→ Exercise prompt
Could you restate word for word only the lines below from the one holding "35 Glens Drive E" to the one holding "Belle Époque Crossover Diamond Ring", inclusive, and leave out the pictures?

═════ Data

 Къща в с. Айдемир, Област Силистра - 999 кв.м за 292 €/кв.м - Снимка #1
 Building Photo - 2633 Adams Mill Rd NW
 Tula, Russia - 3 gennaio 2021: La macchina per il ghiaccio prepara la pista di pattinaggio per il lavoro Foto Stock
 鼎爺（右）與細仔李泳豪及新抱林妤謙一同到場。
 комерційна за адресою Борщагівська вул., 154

══════════
═════ Data

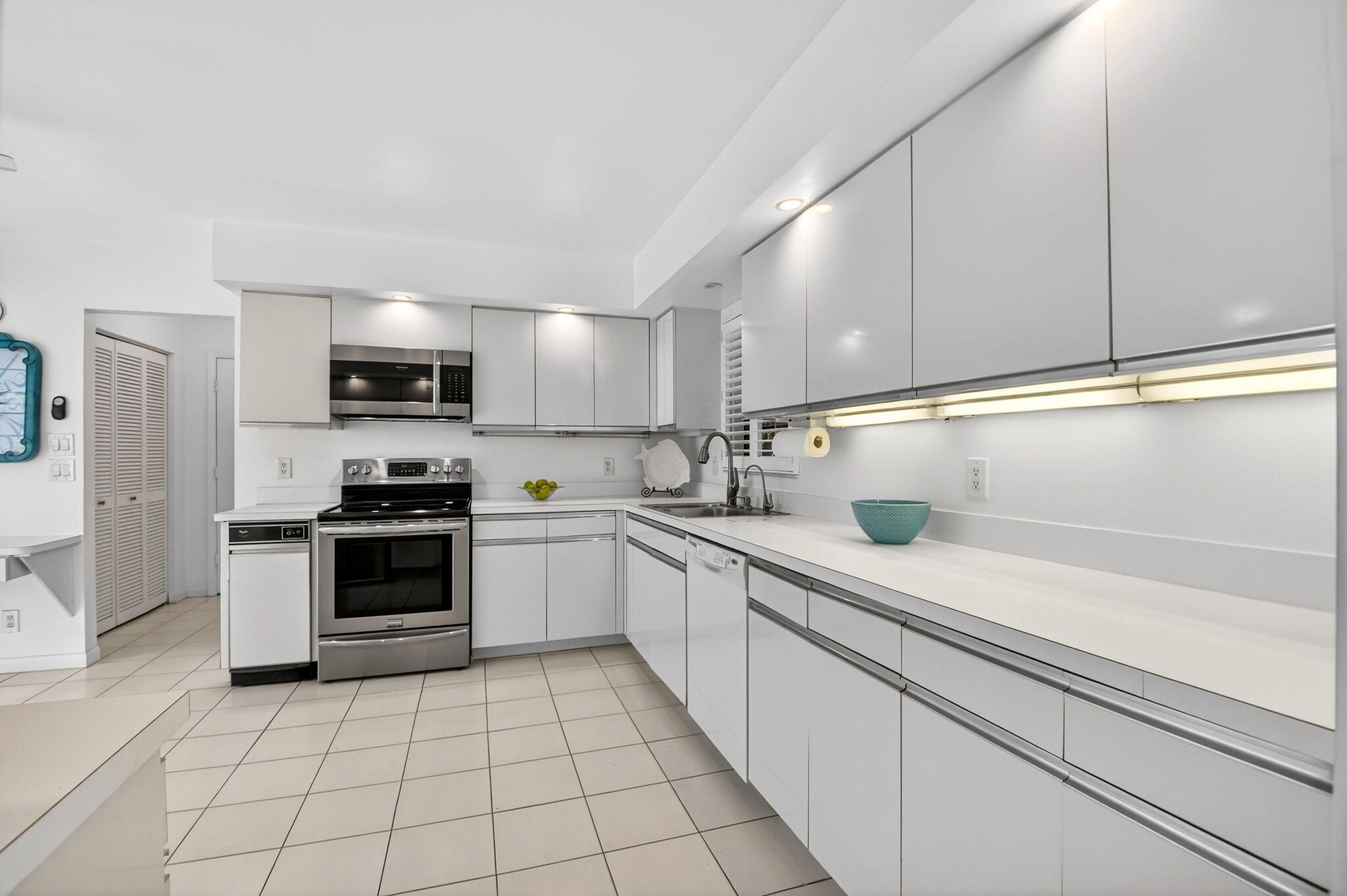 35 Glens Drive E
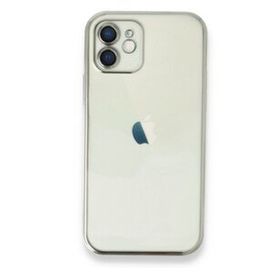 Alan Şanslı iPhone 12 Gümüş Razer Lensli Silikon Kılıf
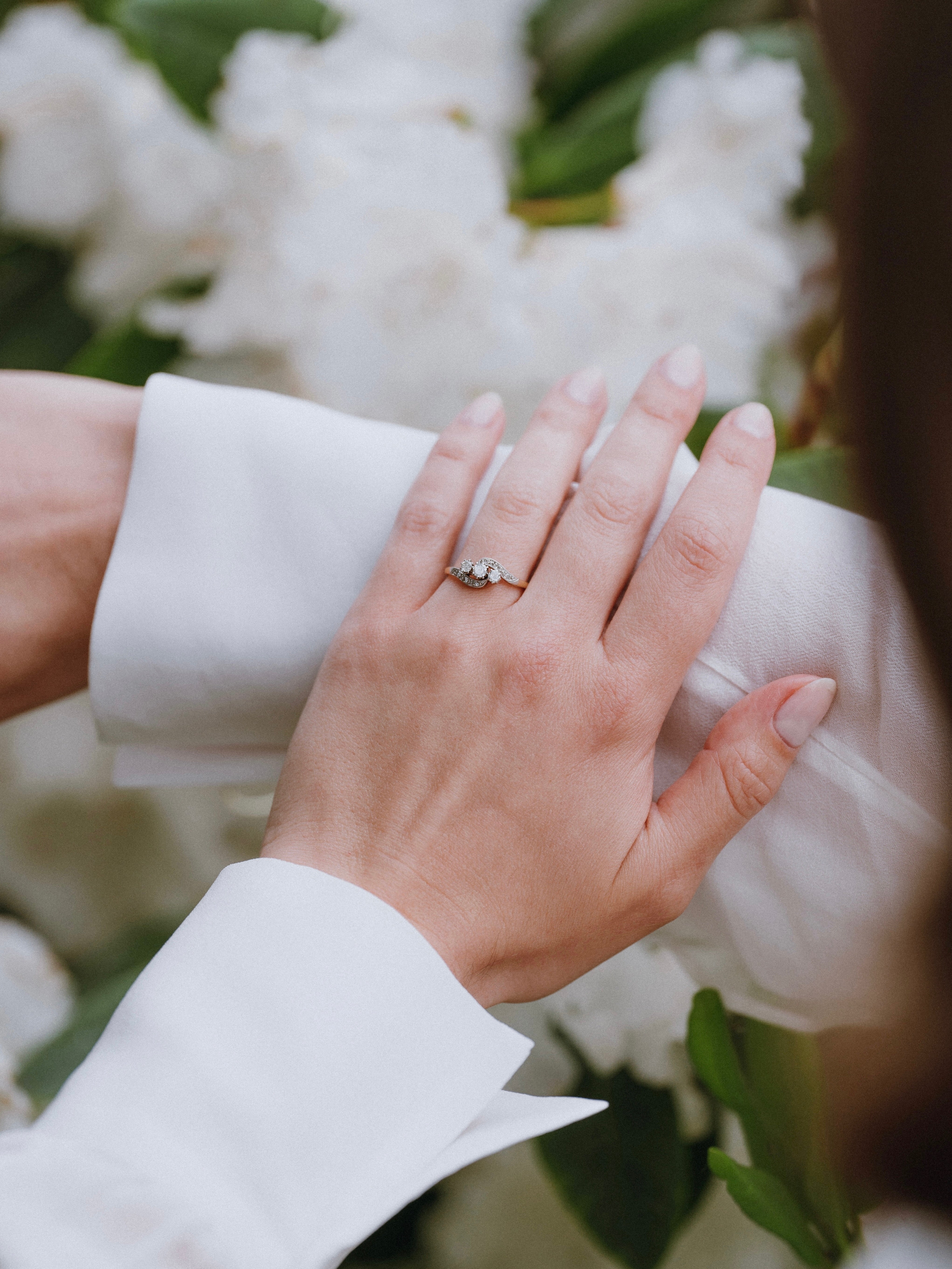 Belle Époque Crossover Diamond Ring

══════════

→ Response
 35 Glens Drive E
 Alan Şanslı iPhone 12 Gümüş Razer Lensli Silikon Kılıf
 Belle Époque Crossover Diamond Ring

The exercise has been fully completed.